First though, a valid question - what’s a beta regression? It’s a regression that assumes our outcome is beta distributed, which makes it appropriate for values in the open interval (0, 1) (i.e. they can’t actually be 0 or 1) such as rates, fractions, probabilities. The PDF for different values of alpha and beta, which parameterise the beta distribution, is shown below.

The Beta Distribution The beta distribution PDF, lifted from wikipedia

As all the models I was using had been recalibrated using Platt scaling, this is what I had to work with. I also had predictions from a single model, rather than from each fold of cross-validation. This is nice as I could avoid the issue of having to running my cross-validated beta regression separately for each test fold, as model predictions from CV cannot just be combined. Before getting started I did hesitate as my instinct was to think that I could get a logistic regression to run as if my outcome were fractions and work the model this way. This answer on cross-validated helped assuage my worries, and I ultimately ran both but found much better prediction from the beta regression. This makes sense as it’s much more flexible and can use different link functions, including logistic. More information on beta regression itself is available in the 2004 paper by Ferrari and Cribari-Neto and in the vignette for the R package I used, betareg.

Calling betareg from Python

So assuming that, like me, beta regression is the thing you need, calling it from Python is surpisingly easy using the rpy2 package. First, load the requirements below which will take care of everything we do later.

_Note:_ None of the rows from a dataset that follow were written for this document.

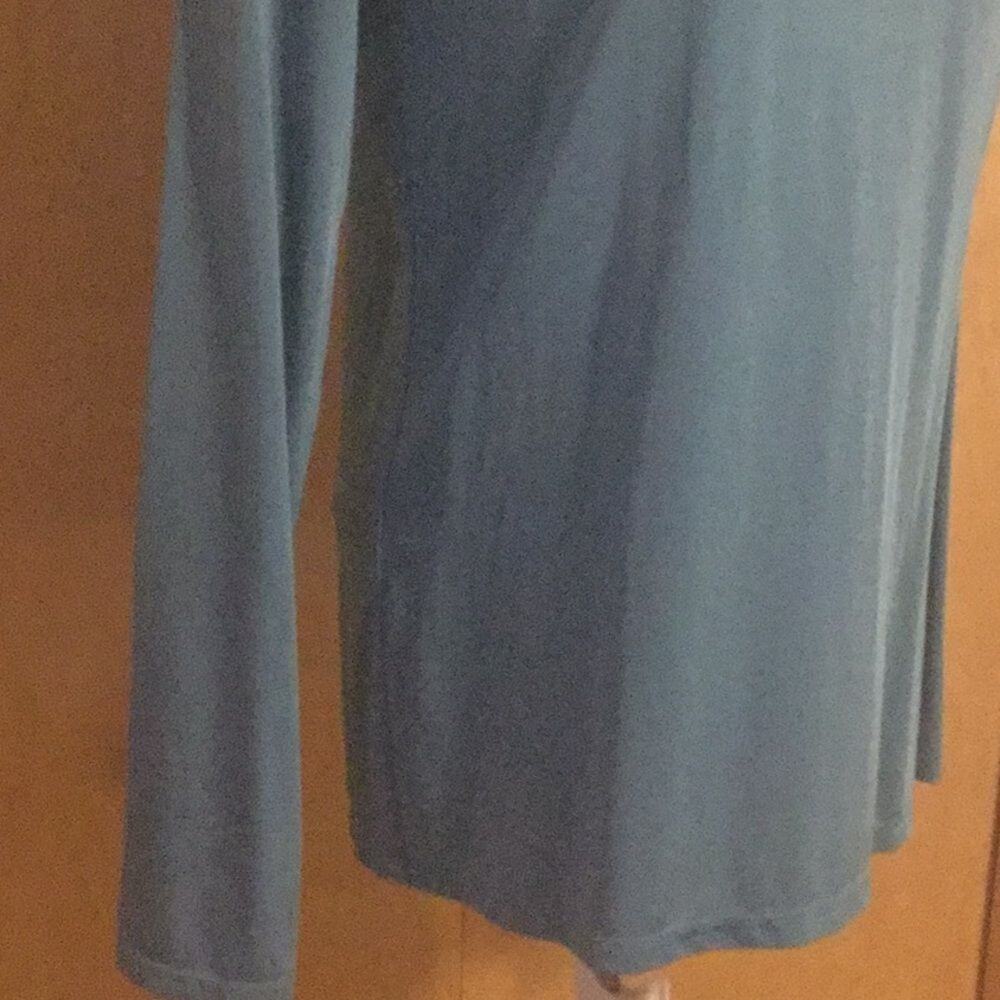 Max Mara Solid long sleeve Top - Picture 7 of 16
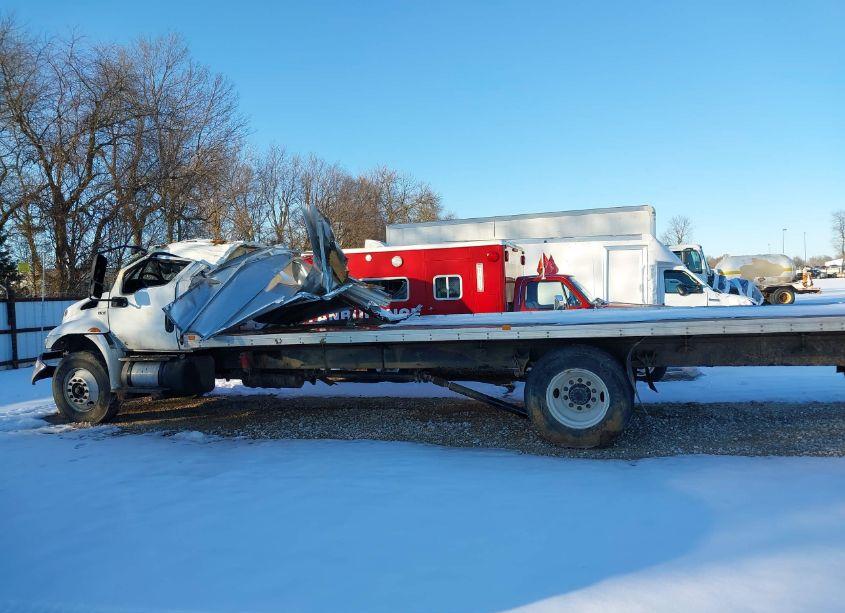 Photo 14 of 2022 International Mv N/A (VIN 3HAEUMML7NL598311)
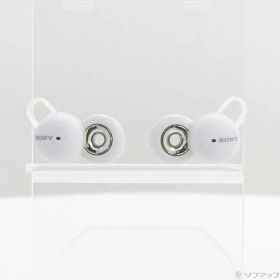 【中古】SONY(ソニー) 〔中古品〕 LinkBuds WF-L900 W ホワイト 【349-ud】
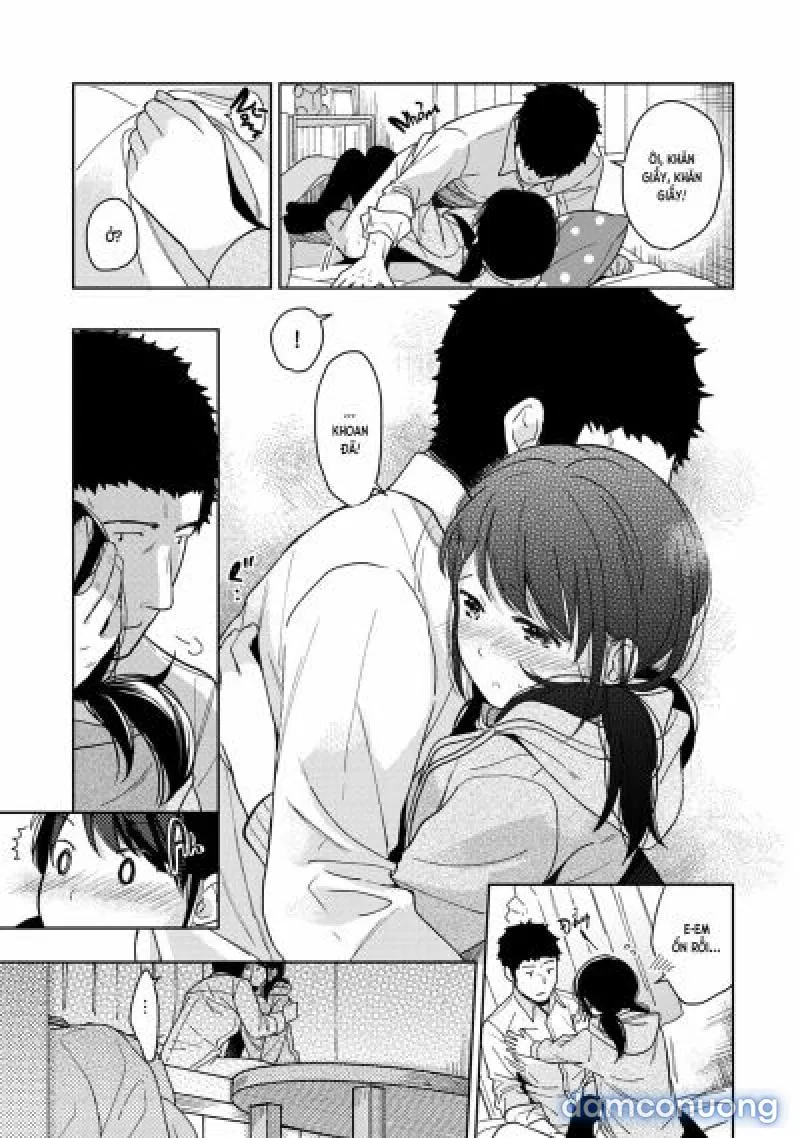 1LDK+JK Ikinari Doukyo? Mitchaku!? Hatsu Ecchi!!?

import rpy2.robjects as ro
from rpy2.objects import pandas2ri
from rpy2.robjects.packages import importr
from rpy2.robjects.conversion import localconverter
from sklearn.preprocessing import StandardScaler
from sklearn.model_selection import KFold
from sklearn.metrics import r2_score
import pandas as pd
import numpy as np
from functools import reduce

Next we can setup a basic function in R to run a beta regression and return effect sizes and predictions in the test set, like below:

breg = importr('betareg')

ro.r('''
    beta_regression <- function(train, test, formula) {
        # run and store beta regression results
        blm <- betareg(as.formula(formula), data=train)
        
        output <- list("y_pred" = predict(blm, test),
                       "beta" = coef(blm))
            
        return(output)
    }''')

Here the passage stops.